Reputation: 22440
I have written a script in python using selenium to fetch the business summary
(which is within p
tag) located at the bottom right corner of a webpage under the header Company profile
. The webpage is heavily dynamic, so I thought to use a browser simulator. I have created a css selector, which is able to parse the summary if I copy the html elements
directly from that webpage and try on it locally. For some reason, when I tried the same selector within my below script, it doesn't do the trick. It throws timeout exception
error instead. How can I fetch it?
This is my try:
from selenium import webdriver
from selenium.webdriver.common.by import By
from selenium.webdriver.support.ui import WebDriverWait
from selenium.webdriver.support import expected_conditions as EC
from selenium.common.exceptions import TimeoutException
link = "https://in.finance.yahoo.com/quote/AAPL?p=AAPL"

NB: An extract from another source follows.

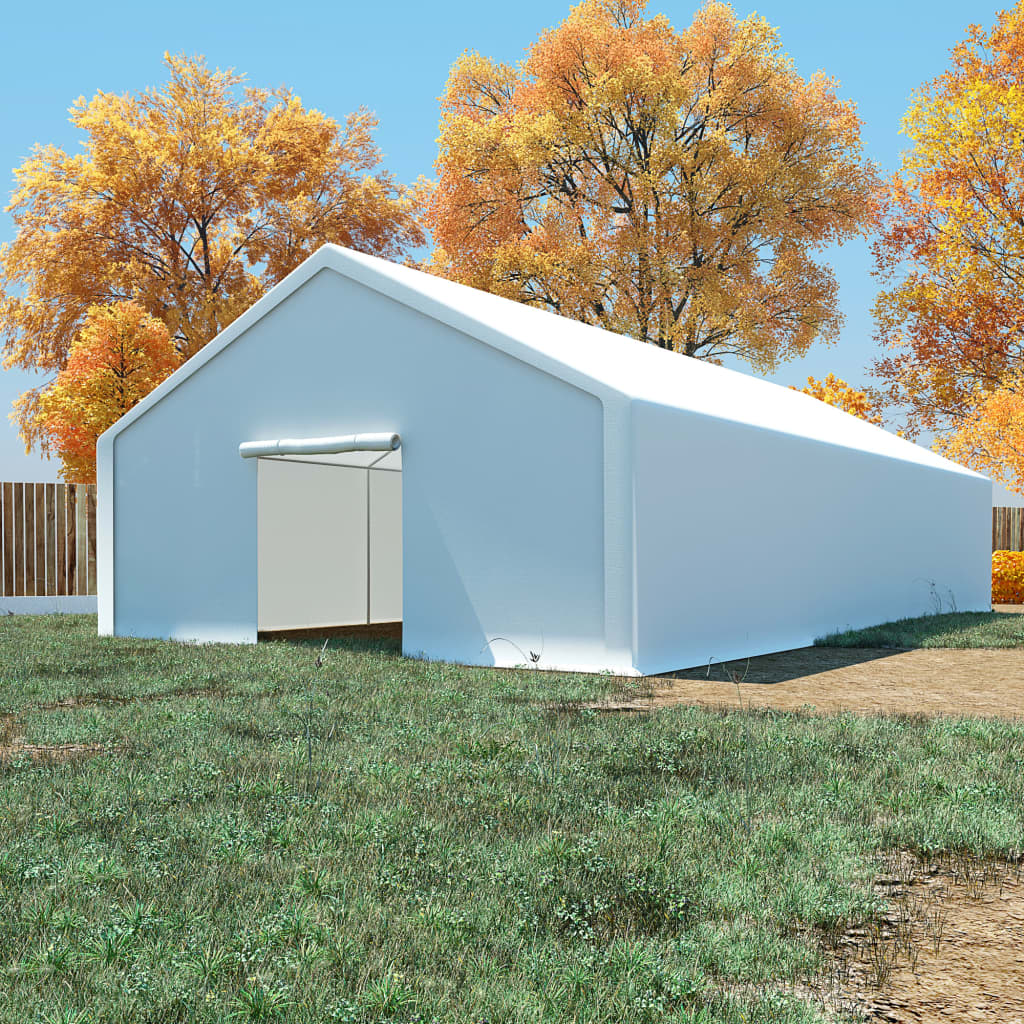 Tenda Capannone in PE 6x12 m Bianca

def get_information(driver, url):
driver.get(url)
item = wait.until(EC.presence_of_element_located((By.CSS_SELECTOR, "[id$='-QuoteModule'] p[class^='businessSummary']")))
driver.execute_script("arguments[0].scrollIntoView();", item)
print(item.text)
if __name__ == "__main__":
driver = webdriver.Chrome()
wait = WebDriverWait(driver, 20)
try:
get_information(driver,link)
finally:
driver.quit()
Upvotes: 2
Views: 521
Reputation: 897
Here is a much simpler approach using requests and working with the JSON data that is already in the page. I would also recommend to always use request if possible. It may take some extra work but the end result is a lot more reliable / cleaner. You could also take my example a lot further and parse the JSON to work directly with it (you need to clean up the text to be valid JSON). In my example I just use split which was just faster to do but it could lead to problems down the road when doing something more complex.
import requests
from lxml import html
url = 'https://in.finance.yahoo.com/quote/AAPL?p=AAPL'
headers = {'user-agent': 'Mozilla/5.0 (Windows NT 10.0; Win64; x64) AppleWebKit/537.36 (KHTML, like Gecko) Chrome/67.0.3396.99 Safari/537.36'}
r = requests.get(url, headers=headers)
tree = html.fromstring(r.text)
data= [e.text_content() for e in tree.iter('script') if 'root.App.main = ' in e.text_content()][0]
data = data.split('longBusinessSummary":"')[1]
data = data.split('","city')[0]
print (data)
Upvotes: 1
Reputation: 5647
You have to scroll the page down twice until the element will be present:
from selenium import webdriver
from selenium.webdriver.common.by import By
from selenium.webdriver.support.ui import WebDriverWait
from selenium.webdriver.support import expected_conditions as EC
from selenium.common.exceptions import TimeoutException
import time
link = "https://in.finance.yahoo.com/quote/AAPL?p=AAPL"
def get_information(driver, url):
driver.get(url)
driver.find_element_by_tag_name("body").send_keys(Keys.END) # scroll page
time.sleep(1) # small pause between
driver.find_element_by_tag_name("body").send_keys(Keys.END) # one more time
item = wait.until(EC.presence_of_element_located((By.CSS_SELECTOR, "[id$='-QuoteModule'] p[class^='businessSummary']")))
driver.execute_script("arguments[0].scrollIntoView();", item)
print(item.text)
if __name__ == "__main__":
driver = webdriver.Chrome()
wait = WebDriverWait(driver, 20)
try:
get_information(driver,link)
finally:
driver.quit()
If you will scroll only one time it won't work properly at some reason(at least for me). I think it depends on window dimensions, on the smaller window you have to scroll more than on a bigger one.
Upvotes: 1
Reputation: 52665
It seem that there is no Business Summary block initially, but it is generated after you scroll page down. Try below solution:
from selenium.webdriver.common.keys import Keys
def get_information(driver, url):
driver.get(url)
driver.find_element_by_tag_name("body").send_keys(Keys.END)
item = wait.until(EC.presence_of_element_located((By.CSS_SELECTOR, "[id$='-QuoteModule'] p[class^='businessSummary']")))
print(item.text)
Upvotes: 2